MATERIALS PROVIDED:
- - - -
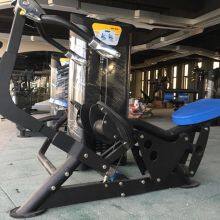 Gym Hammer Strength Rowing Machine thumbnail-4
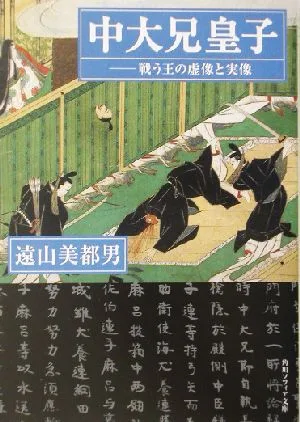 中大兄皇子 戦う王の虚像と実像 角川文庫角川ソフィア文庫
- - - -
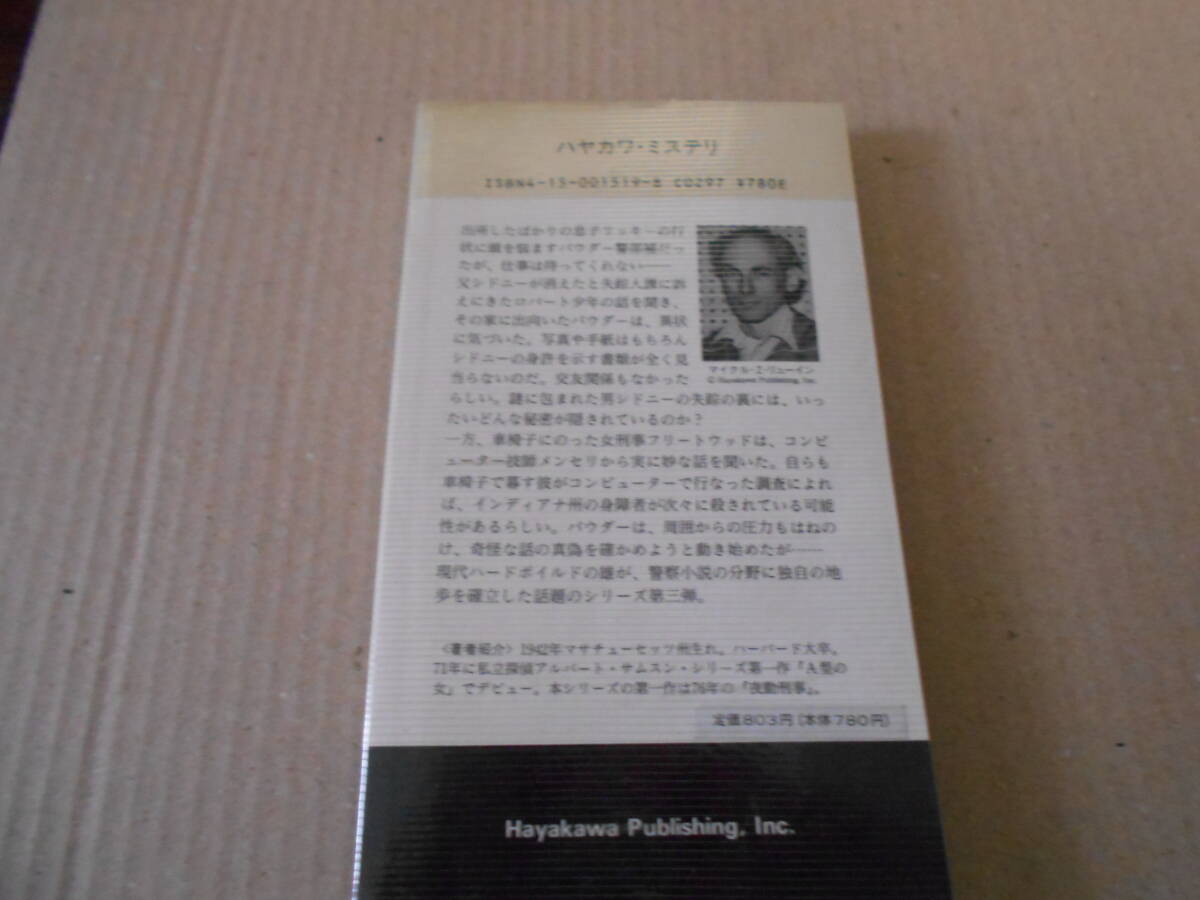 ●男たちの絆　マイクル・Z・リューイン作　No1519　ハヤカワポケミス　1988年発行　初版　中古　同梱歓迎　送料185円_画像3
- - - -
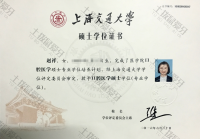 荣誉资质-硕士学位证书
- - - -
TASK ITEM: Leaving every picture aside, reproduce exactly the lines above from the one with "Gym Hammer Strength" up to and including the one with "中大兄皇子 戦う王の虚像と実像 角川文庫角川ソフィア文庫", and no others.

FINAL ANSWER:
 Gym Hammer Strength Rowing Machine thumbnail-4
 中大兄皇子 戦う王の虚像と実像 角川文庫角川ソフィア文庫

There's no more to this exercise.